Simien defeated two-term incumbent Republican Nic Hunter in the May 3 runoff. While Hunter’s proportion of the vote barely increased from what he gathered in the Mar. 29 general election, Simien’s essentially corralled support from all others, making up more than an 18-percentage point gap. Hunter is white while Simien, who among other elected and appointed positions in government served a couple of terms on the City Council prior to a previous mayoral run in 2017, is black.
Until May, Republicans had hit their high-water mark in executive control of the ten most populated cities (in a trio of cases, consolidated with the parish) in the state. While New Orleans had a Democrat as mayor, all of Baton Rouge, Shreveport, Lafayette, St. George (newly a city with an elected mayor as of March), Lake Charles, Kenner and Bossier City – second through eighth in population – had Republican chief executives. Monroe had an independent and Alexandria a Democrat.
Somewhat related and interestingly, as of that time all of these cities, save New Orleans, had white mayors. This was the case even as Baton Rouge, Shreveport, Monroe, and Alexandria had majority black populations (Baton Rouge’s included parish residents not in other cities), all of whom have taken office within the past five years.
And Lake Charles, which had been the case as well in 2021 when Hunter easily won reelection and 2017 when Simien – running as a Democrat – barely missed the runoff and Hunter defeated another well-known area black politician in the runoff, Democrat state Rep. Wilford Carter, Sr. (then a retired judge). As is typical in Louisiana major cities, whites disproportionately register to vote compared to blacks (except in Orleans, where they tend to be more at parity), and in Lake Charles for the most recent elections white slightly outnumbered blacks in the electorate.
But the problem for Hunter was the timing especially of this contest. In recent years, voter dynamics have shifted where higher-stimulus contests disproportionately have turned out Republicans, and the Mar. 29 ballot had only statewide constitutional amendments on them besides local contests. This would cut turnout to nearly half of what it had been only months earlier for the presidential election. Worse, Democrats mobilized more effectively than Republicans in opposition of the amendments.
Hunter, and Lake Charles under his watch, had much going for him. After hitting a population high of around 78,000 in the 1970s, numbers slowly deteriorated so that it was around 71,000 by 2010. But by completion of Hunter’s first three years in office, it jumped to over 84,000 and induced an upswing in tax revenues.

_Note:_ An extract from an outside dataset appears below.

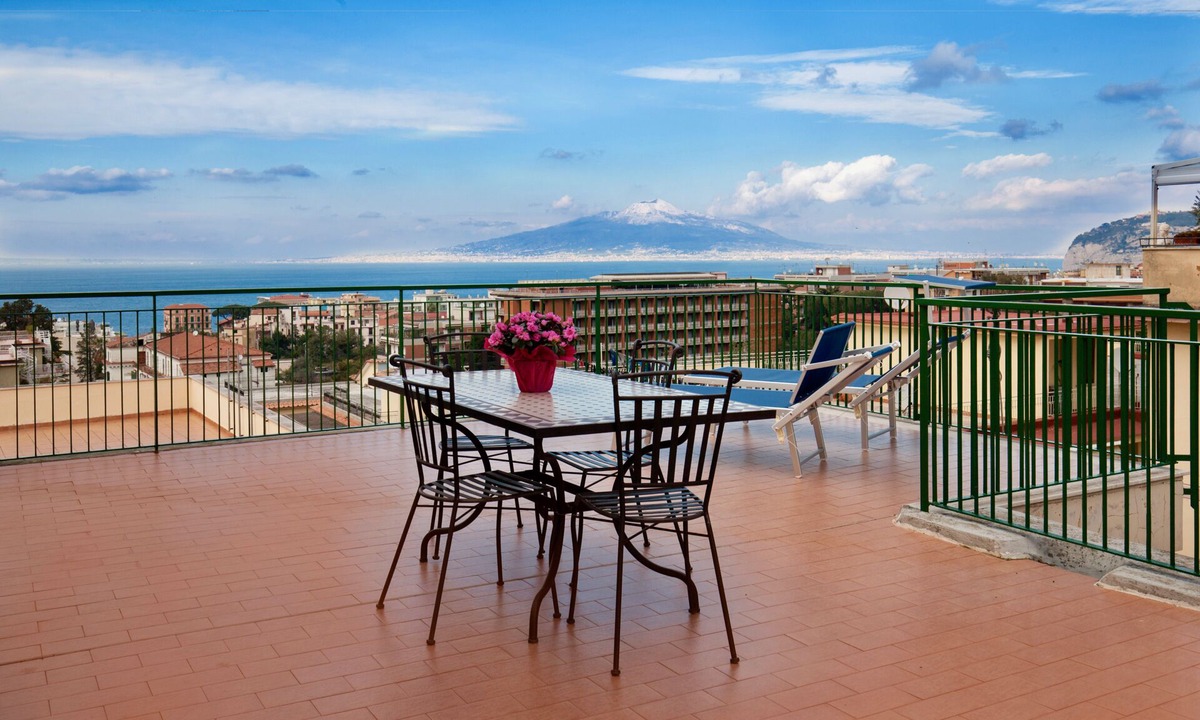 Sorrento Apartment | Panoramic Penthouse with Breathtaking Views & Private Terrace in Sorrento Center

The city also under his leadership developed the strongest balance sheet of the state’s major cities, with a debt load substantially below all others even with the fastest population growth. (Contrast this with Bossier City, whose debt over the previous two decades spiraled out of control to end up several times per capita of Lake Charles’, even though it hardly grew in population.) Its property tax rate was at the bottom end of the state’s major cities and its sales tax rate was in line with those cities’ rates.
So, even though Hunter had perhaps the best growth record of mayor or a large city in the state, demography and outside issues worked against him. Simien, despite the label he ran under this time as a ploy to pick up unaware non-leftists – make no mistake, he espoused solidly liberal issue preferences some contrary to Hunter’s agenda that had brought development success and received a raft of endorsement from far left political figures and interest groups – was the Democrat in the race and black that would mobilize and attract disproportionately the majority black voters in the city.

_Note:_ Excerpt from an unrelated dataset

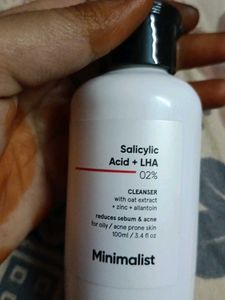 Minimalist Salicylic Acid Cleanser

In retrospect, Hunter lost the race when he didn’t win outright. Clearly differential turnout hurt him as white turnout barely exceeded black and Democrat turnout barely exceeded Republican, and the crucial group was white Democrats that in Louisiana have increasingly become supporters of leftist candidates (and will become more so now that closed primaries exist for federal and some state elections).

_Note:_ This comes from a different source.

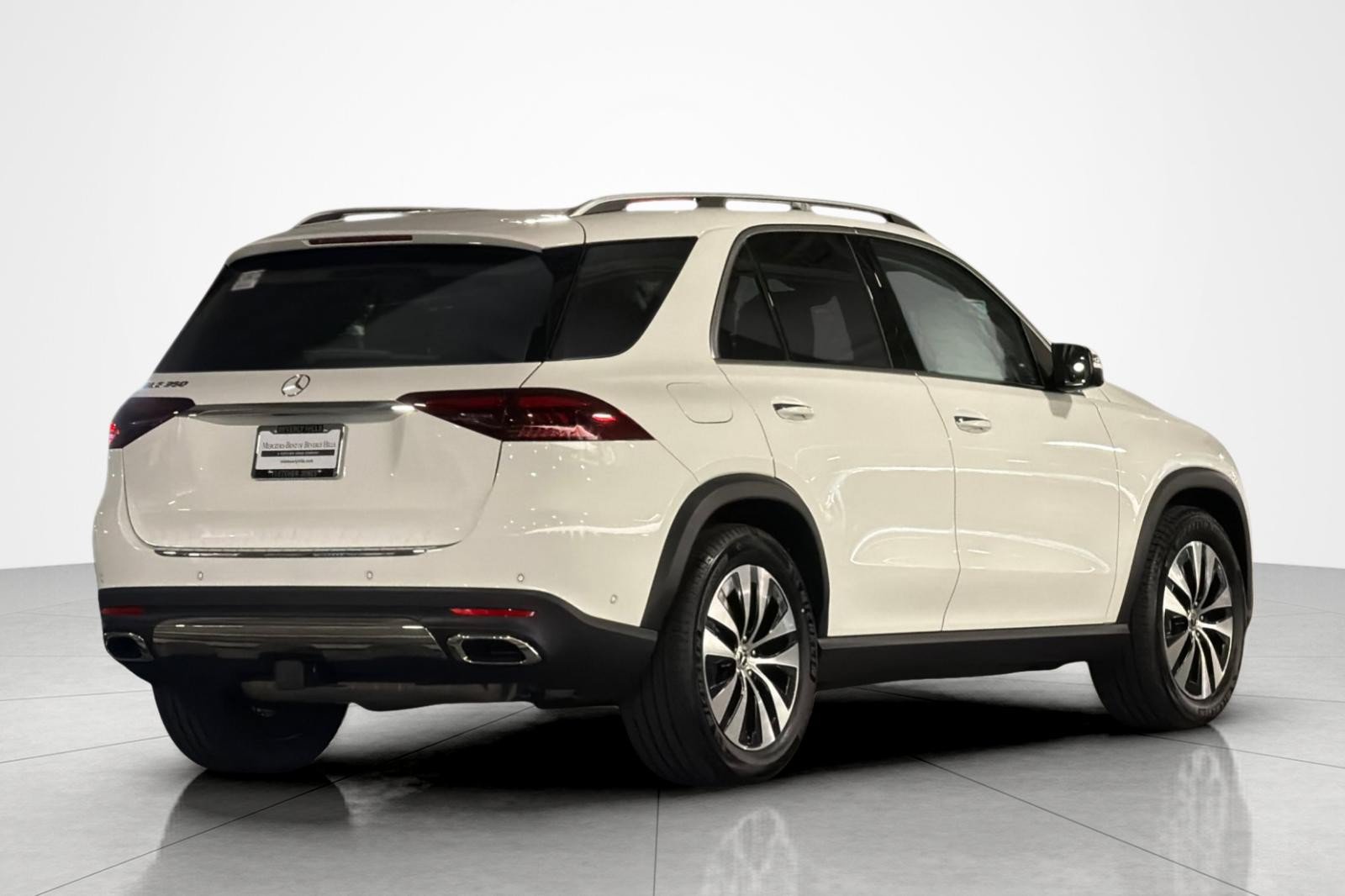 New 2026 Mercedes-Benz GLE 350 4MATIC image 5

And, strangely, he may have been victim of his own successes, for unless an issue comes about that galvanizes a majority made complacent by economic success, they disproportionately tune out elections when they feel satisfied by conditions. By contrast, Simien rallied his black Democrat base by a redistributive pitch that majority black areas of the city had missed out on the city’s success. Runoff turnout hardly improved but highly disproportionately favored blacks, and even white Democrats turned out in higher proportions than did white Republicans.
In reviewing the white mayors who won in majority-black cities over the past five years, all prevailed in cities in decline with previous black mayors who had courted controversy in one form or another. Hunter’s position was different as the incumbent when the city became majority-black in population with no foil relative to previous recent city governance.
This may signal rough waters ahead for these mayors, in that they may have limits to the kind of turnarounds needed to convince voters of their reelections, if Hunter couldn’t do that with his considerable record. Then again, Monroe independent Friday Ellis improved on his electoral outcome with his reelection last year, so it’s not an impossible task. Shreveport and Alexandria election are first up to the plate next fall.